コンコースは運河につながる おおらかな軒下空間を創出

 軒下空間のコンコースには、木チップ舗装を採用。吸水性があるため、打ち水効果による暑さ対策に貢献するとともに、足にやさしいクッション性も併せ持つ。
 施設はオリンピックが体操、新体操、トランポリン、パラリンピックがボッチャの競技会場となる。施設内に入ったオリンピアンの冨田洋之氏(体操競技)は「木の香りが心地よく、天井も高くて競技がしやすそう」と第一印象を語った。また、田中琴乃氏(新体操)は、「観客と競技をする場が近く、声援を力にできそう」、伊藤正樹氏(トランポリン)は、「選手と客席の距離が近い。完成後が楽しみ」と感想を述べた。

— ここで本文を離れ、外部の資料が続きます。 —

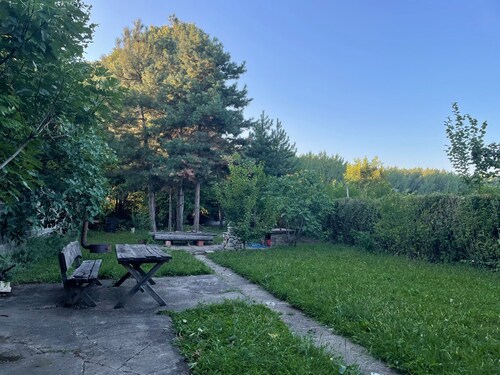 Remodeled historic cottage with modern appliances close to great hiking trails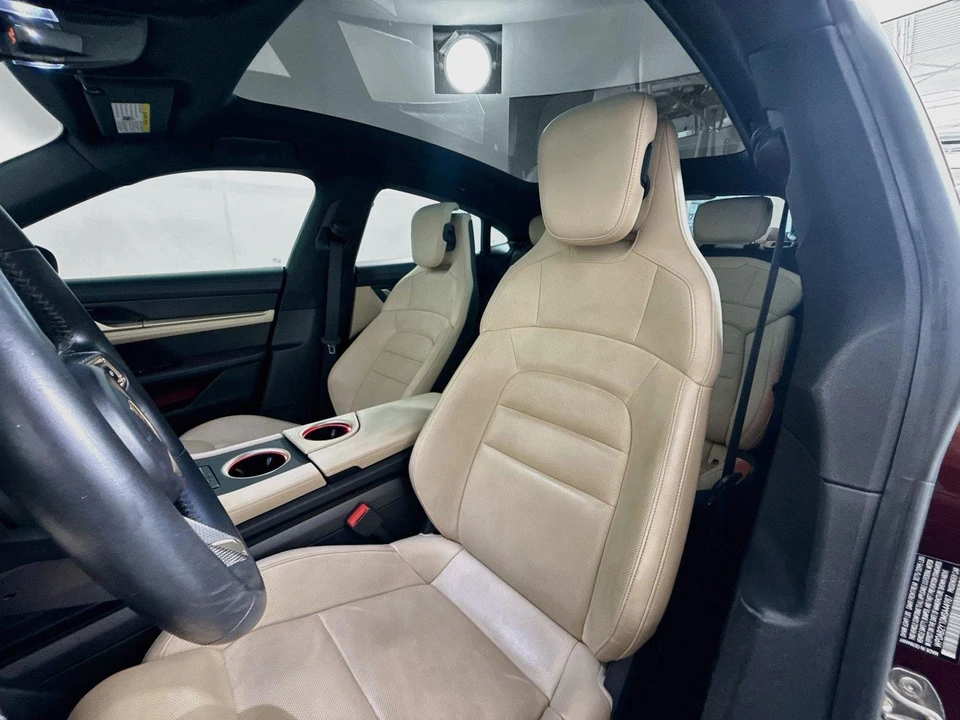 2021 Porsche 718 Cayman - Image 9 of 14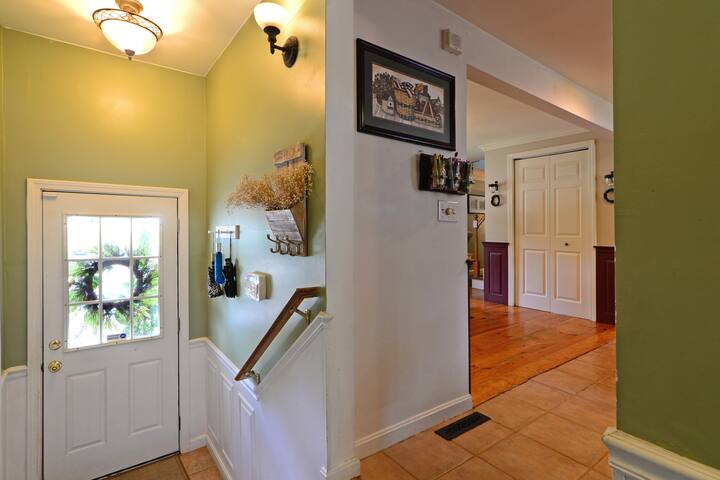 Vineyards, Newport, Narragansett, In-Ground Pool gallery image 5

 清水建設の永田正道有明体操競技場建設所長は、「オリンピアンに来ていただいて大変うれしく思っている。外装、観客席にも木を使っている。木のぬくもりで選手に良い成績を残してもらえるよう、心を込めて作業を進めたい」と力を込めた。
 競技場の規模は、S一部木造3階建て延べ3万9194㎡。大会後は延べ2万7459㎡の展示場施設に改修する。